Thursday night, a group of 11- and 12-year-old boys will take what could turn out to be a historic road trip.
These are no ordinary boys.
These boys are members of the Jackie Robinson West Little League team, an elite sports team that draws players from across the South Side.
Last weekend, the team won the Illinois State title and advanced to the Great Lakes Regional Tournament in Indianapolis. If the players emerge victorious, they will go on to Williamsport, Pa., and play in the Little League World Series.
If that happens, Jackie Robinson West would become the first all-black Little League team from Chicago to go to the World Series in three decades.

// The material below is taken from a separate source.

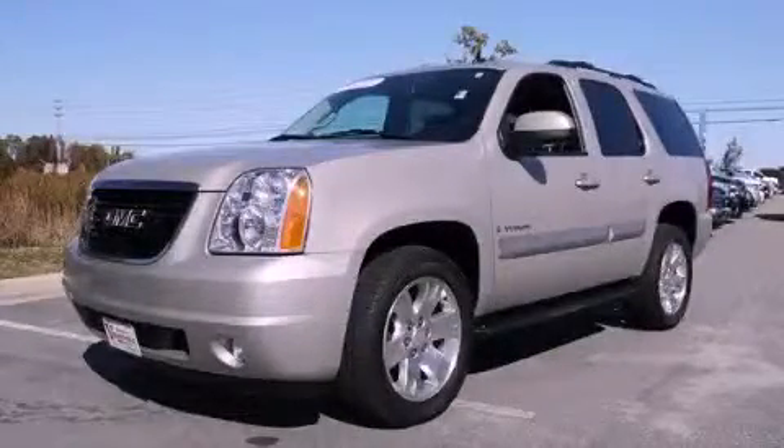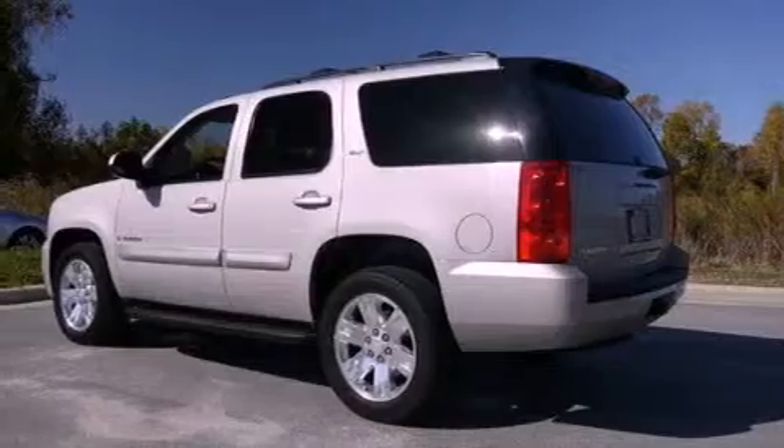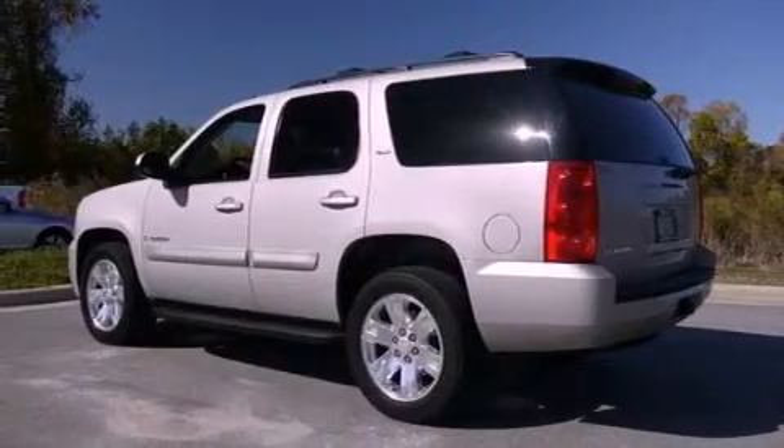This is a certified pre-owned 2009 GMC Yukon, a vehicle with safety, comfort, and space. It has a 5.3-liter eight-cylinder engine and a six-speed automatic transmission.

Last year, the team came up one game short. “That’s our goal. We should be favored to get into the Little League World Series,” Darold Butler, the team’s manager, told me.

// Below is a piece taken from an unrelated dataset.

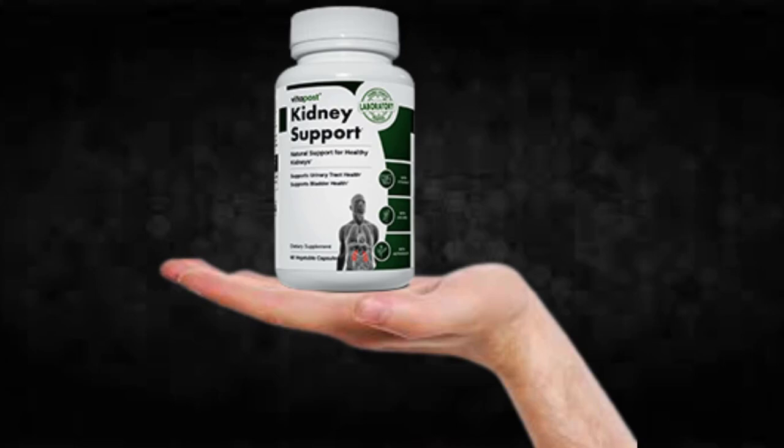You can see the initial results in the first month, but most people have better results after 3 months using this product. Also important for you to know, kidney support has no side effects since it is natural.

I have a real soft spot for Little Leaguers and great admiration for parents who become their devoted fans.
My eldest son loved Little League, and I can still remember the joy he got from trying to hit a pitch.
Today, I regret that too often during Little League season I was sitting at a desk when I should have been cheering in the stands. Frankly, a lot of the trouble young people get into could be eliminated if more youngsters were involved in an activity they love and more parents supported their passion.
Efforts like Little League Baseball could help reduce violence because competitive sports teach youth how to deal with the pain of disappointment and the agony of failure.
Frances Bruce, who is an unabashed cheerleader for Jackie Robinson West (her grandson plays on the team), gives the team a lot of credit for staying focused.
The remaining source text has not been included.